Sense of breeding standards but a closely related group of wild birds that have evolved over the centuries, on the farmlands of Hedemora and Dalarna provinces. As such, birds show a fair amount of phenotypic or external differences, in both plumage and skin colours. However, as a close-knit group, they all developed some similar characteristics to survive in the geographical regions in which they evolved.

Their plumage looks more like clumps of hair than a bird’s feather.

Feather varieties
Hedemoras are divided into three distinct types based on their plumage patterns: one being the “woolly” or “silky-woolly” type of feathers. This plumage looks very much, at first glance, like a silky plumage, often mixed with the standard feathers on the body. However, instead of feeling silky, it is coarser in texture, with coarse, insulating, and soft feathers on the lower half of each circumferential feather. The second variety is the soft or “hard-feathered” variety, which also has a thicker coat of soft feathers.

The third consists of feather-legged birds, and they can be found in both woolly and smooth feather patterns. This division into three groups is very broad. As a breed group, there are a lot of external differences between individual birds, such as visible feather colors and patterns and even skin color.

A wide range and mix of plumage colors can be found within these territories and they are prevalent in all three basic taxa and plumage patterns. Birds may range from pure white to red, buff, brown, gray, and black, with many birds having multiple hues mixed throughout their plumage.

One interesting feature of this distinctive group is the wide range of skin pigmentations that can be found. While some birds have white skin or white skin with a pinkish tint, many other birds carry a genetic trait known as fibrosarcoma. In these birds, the skin is either black or a shade of purplish black or purplish blue, depending on the genetic makeup of the bird. Other well-known breeds that carry this color pattern include Silkies, Ayam Semanis, and another Swedish breed, Svart Huna. in
Poultry, muscles, bones, and fibrous internal organs tend to range from a very dark purple color to actual black.

Hedemora cock and chicken butts.

body shaping
The leg color of light-skinned birds is usually white, but feathered birds have black, bluish-grey, purplish-gray, or white legs with darker undertones. Yellow-legged has also been reported but tends to be somewhat rare in North American flocks. However, breeders in Sweden report that yellow stems are common.

Straight combs seem to predominate within the group. Combs and wattles are small to medium in size, as part of an adaptation to the country’s cooler climate
that they developed.

egg production
Hedemora hen lays, on average, about 150 small to medium, cream-colored eggs
or light brown eggs every year. Chickens are often known to produce steadily for five years or more. Candace showed one of her little chickens that she was raising, who was five years old and still raises regularly. She told me that the hatching rate and viability of the offspring of these eggs was still very acceptable.
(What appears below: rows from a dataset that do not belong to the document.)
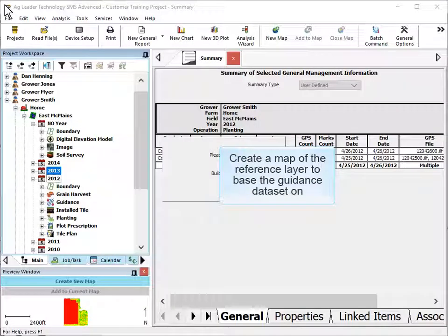The first step to creating new guidance patterns in the software is to open the map layers you wish to use as reference layers when building the new data set. These could be field boundaries or previously logged data.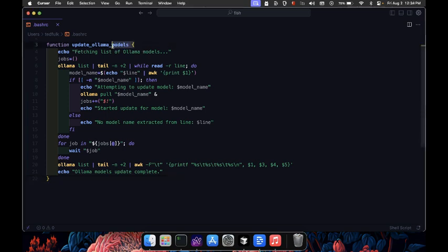First, we define a function called update ollama models. Functions in bash are a way to group commands so you can easily reuse them.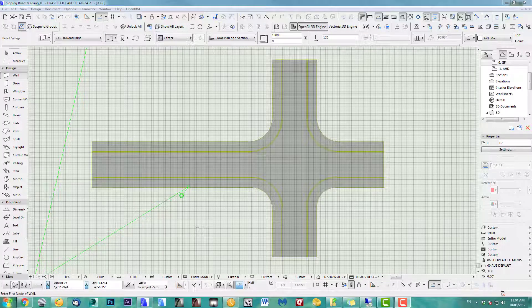Hi, welcome to another ArchiCAD speed modeling tutorial. This time I show you how to do a sloped road marking.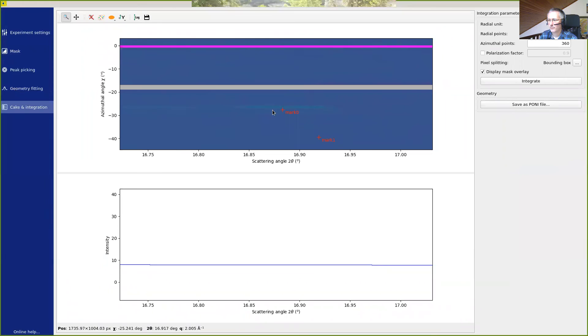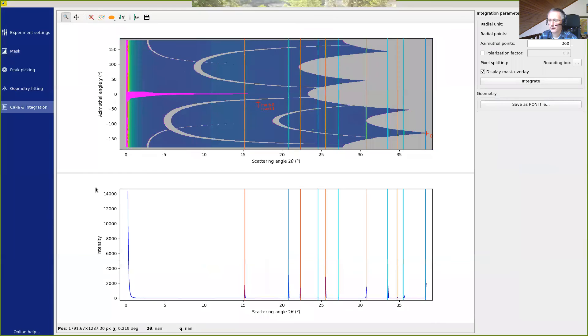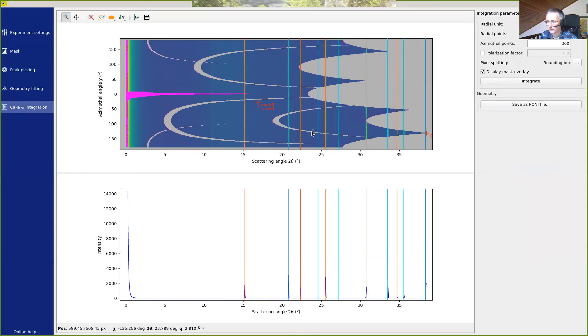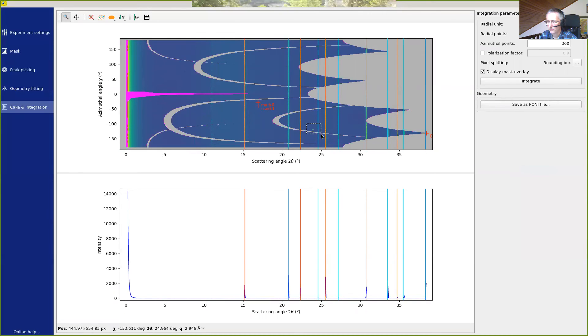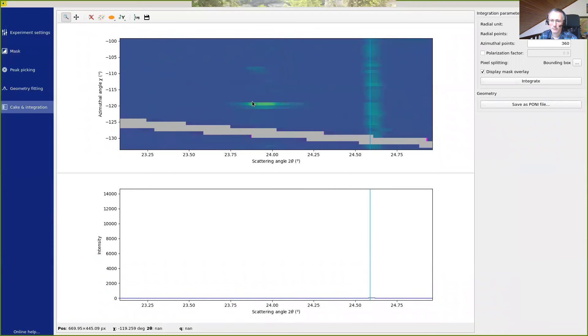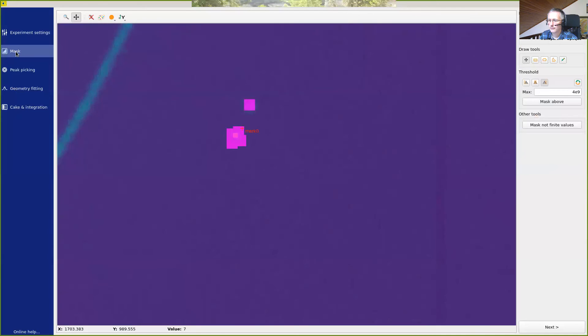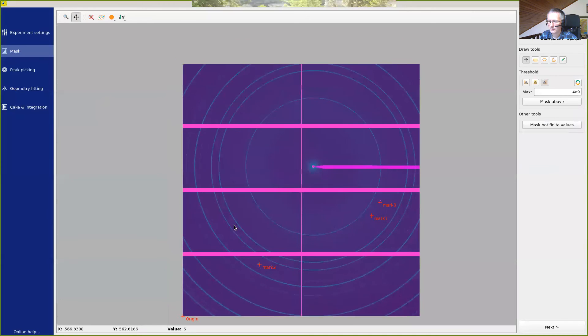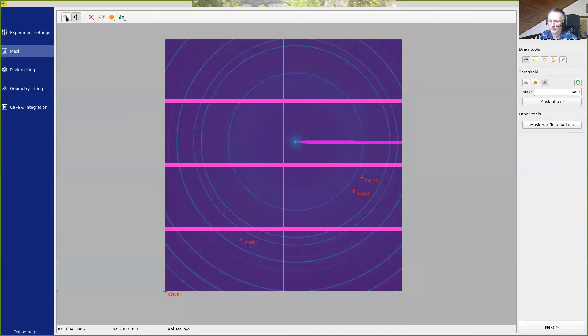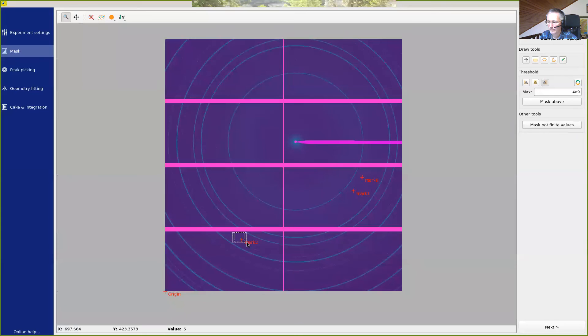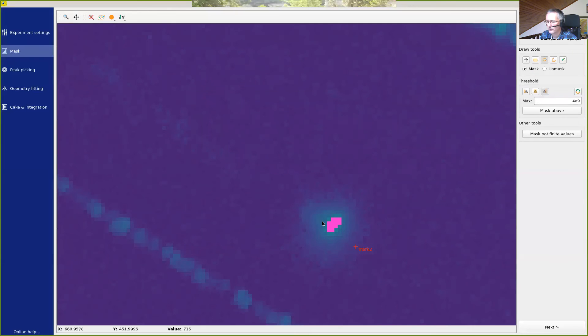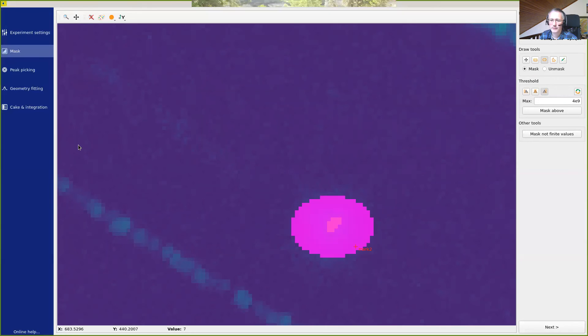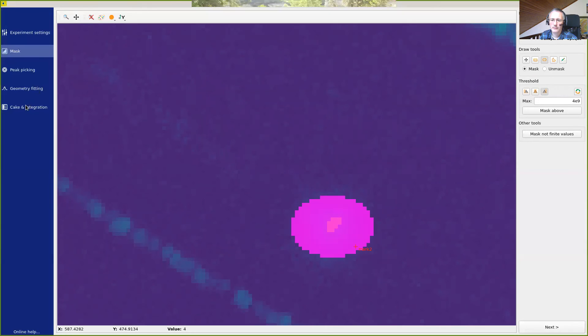And now the diffraction spectrum is much flatter and much cleaner. So we have also a region here that we can again mark. So we can mask this. And now it has disappeared.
Candace Lylick holding one of her Hedemora chickens.

Both hens and roosters tend to be gentle and docile, but there can always be the occasional quirk, especially with males. Maternal instincts in females tend to vary, depending on the individual birds and the breeds of the family. Because of the soft, warm plumage, females with brooding instincts can incubate greater numbers of eggs than females of other breeds without the heavy plumage.

Candice reports that the birds are excellent summer foragers, but they adapt well to confinement as well as free roaming.

If you are looking for a medium sized, durable and highly adaptable ground
A docile bird that produces eggs for longer than many other breeds, Hedemoras might be worth considering.

Doug Oettinger He lives, works, and writes from his small hobby farm
Northwest Minnesota. Doug’s educational background is in agriculture with an emphasis on Candace Lilick holding one of her chickens. In the science of poultry and birds.